Пока мы самозабвенно созерцали красоты пейзажа, позади послышался гвалт. Вскинув голову, я увидел человек двадцать; рассыпавшись веером, они бегом окружали нас.
— Иа, Хуахуа, беги, быстрей!
— О-хо, Наонао, что ты испугался, посмотри — лица все знакомые.
От реакции Хуахуа я похолодел. Ясное дело, знакомые. Взгляд у меня зоркий, я сразу углядел среди этой толпы своего хозяина Лань Ляня, хозяйку Инчунь, а также приятелей Лань Ляня, братьев Фан Тяньбао и Фан Тянью — это главные герои рассказа Мо Яня «Фантянь хуацзи»,[73] там они выступают как мастера ушу. За поясом Лань Ляня заткнута скинутая мной верёвка, в руке длинный шест с верёвочной петлёй. Инчунь несёт бумажный фонарь, бумага почернела от жара, через дырки виднеется чёрный железный каркас. У одного из братьев Фан длинная верёвка, другой тащит длинную жердину. Ещё там горбатый каменотёс Хань, его сводный брат Хань Цюнь и другие — лица знакомые, а как зовут, не помню. Все измотаны, грязные с головы до ног, видать, всю ночь пробегали.
— Беги, Хуахуа!
— Не могу я, Наонао.
— Тогда хватай меня зубами за хвост, я потащу тебя.
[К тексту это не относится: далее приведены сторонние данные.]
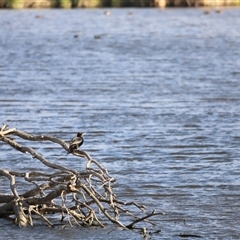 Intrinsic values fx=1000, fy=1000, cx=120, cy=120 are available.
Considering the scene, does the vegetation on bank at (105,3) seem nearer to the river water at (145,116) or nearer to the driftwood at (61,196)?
the river water at (145,116)

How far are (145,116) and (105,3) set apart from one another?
42.3 metres

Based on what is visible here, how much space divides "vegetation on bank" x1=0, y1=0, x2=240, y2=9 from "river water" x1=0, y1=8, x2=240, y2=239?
24946 millimetres

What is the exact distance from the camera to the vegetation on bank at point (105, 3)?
2036 inches

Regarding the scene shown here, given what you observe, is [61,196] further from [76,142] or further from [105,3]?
[105,3]

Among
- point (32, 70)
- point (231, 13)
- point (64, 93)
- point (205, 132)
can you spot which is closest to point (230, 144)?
point (205, 132)

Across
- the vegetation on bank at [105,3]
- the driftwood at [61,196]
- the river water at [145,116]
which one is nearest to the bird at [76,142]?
the driftwood at [61,196]

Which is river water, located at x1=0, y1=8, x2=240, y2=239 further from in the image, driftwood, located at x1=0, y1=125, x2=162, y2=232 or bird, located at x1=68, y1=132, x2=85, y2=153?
bird, located at x1=68, y1=132, x2=85, y2=153

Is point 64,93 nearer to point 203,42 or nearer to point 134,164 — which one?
point 134,164

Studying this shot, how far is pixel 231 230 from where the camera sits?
6449mm

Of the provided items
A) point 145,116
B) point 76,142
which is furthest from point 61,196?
point 145,116

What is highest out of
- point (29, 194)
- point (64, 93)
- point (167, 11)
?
point (29, 194)

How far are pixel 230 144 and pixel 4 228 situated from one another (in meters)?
3.84

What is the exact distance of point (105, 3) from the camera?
53625 millimetres

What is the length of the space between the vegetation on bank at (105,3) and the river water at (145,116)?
24946mm
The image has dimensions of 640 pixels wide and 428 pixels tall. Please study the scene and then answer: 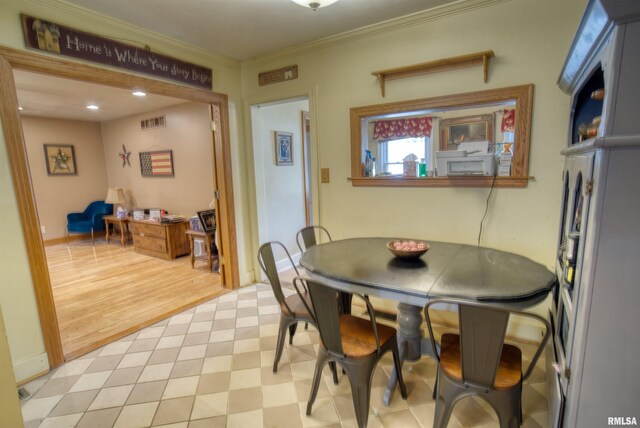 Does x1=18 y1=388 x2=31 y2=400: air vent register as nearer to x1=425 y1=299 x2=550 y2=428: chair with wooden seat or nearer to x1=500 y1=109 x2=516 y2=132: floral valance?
x1=425 y1=299 x2=550 y2=428: chair with wooden seat

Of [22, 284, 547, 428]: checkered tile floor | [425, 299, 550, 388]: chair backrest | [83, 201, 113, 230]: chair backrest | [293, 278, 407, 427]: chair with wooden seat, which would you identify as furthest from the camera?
[83, 201, 113, 230]: chair backrest

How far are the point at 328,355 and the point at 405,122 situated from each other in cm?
208

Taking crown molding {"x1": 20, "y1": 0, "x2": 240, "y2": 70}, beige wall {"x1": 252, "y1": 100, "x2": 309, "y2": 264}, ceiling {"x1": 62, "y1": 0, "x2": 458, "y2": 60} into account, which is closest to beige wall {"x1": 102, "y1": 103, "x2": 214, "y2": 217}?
beige wall {"x1": 252, "y1": 100, "x2": 309, "y2": 264}

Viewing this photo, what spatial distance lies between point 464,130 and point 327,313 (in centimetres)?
217

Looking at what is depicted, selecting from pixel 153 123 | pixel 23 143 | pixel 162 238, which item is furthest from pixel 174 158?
pixel 23 143

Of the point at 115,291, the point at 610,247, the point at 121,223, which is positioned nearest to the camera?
the point at 610,247

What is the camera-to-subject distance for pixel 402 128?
9.34 feet

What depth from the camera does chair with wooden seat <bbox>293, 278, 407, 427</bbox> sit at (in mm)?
1466

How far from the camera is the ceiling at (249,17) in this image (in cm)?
220

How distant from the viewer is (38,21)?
6.60ft

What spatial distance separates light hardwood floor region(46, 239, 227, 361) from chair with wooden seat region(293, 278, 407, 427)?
6.52ft

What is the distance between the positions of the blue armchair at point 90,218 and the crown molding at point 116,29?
490 cm

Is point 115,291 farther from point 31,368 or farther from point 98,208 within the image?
point 98,208

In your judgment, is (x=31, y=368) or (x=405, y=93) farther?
(x=405, y=93)
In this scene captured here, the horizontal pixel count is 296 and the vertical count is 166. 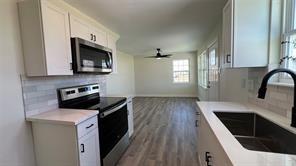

— Ну, куда мы убежим, Наонао, всё равно рано или поздно нас поймают, — смиренно проговорила Хуахуа. — К тому же они могут начать стрелять, и как бы мы ни бежали, пуля всё равно догонит.
— Иа, иа, иа! — отчаявшись вскричал я. — Хуахуа, ты разве позабыла, в чём мы только что поклялись? Ты говорила, что будешь со мной неразлучно веки вечные, что мы станем дикими ослами, будем жить на свободе, ничем не связанные, забудем про всё среди красот природы!
Хуахуа повесила голову со слезами на глазах.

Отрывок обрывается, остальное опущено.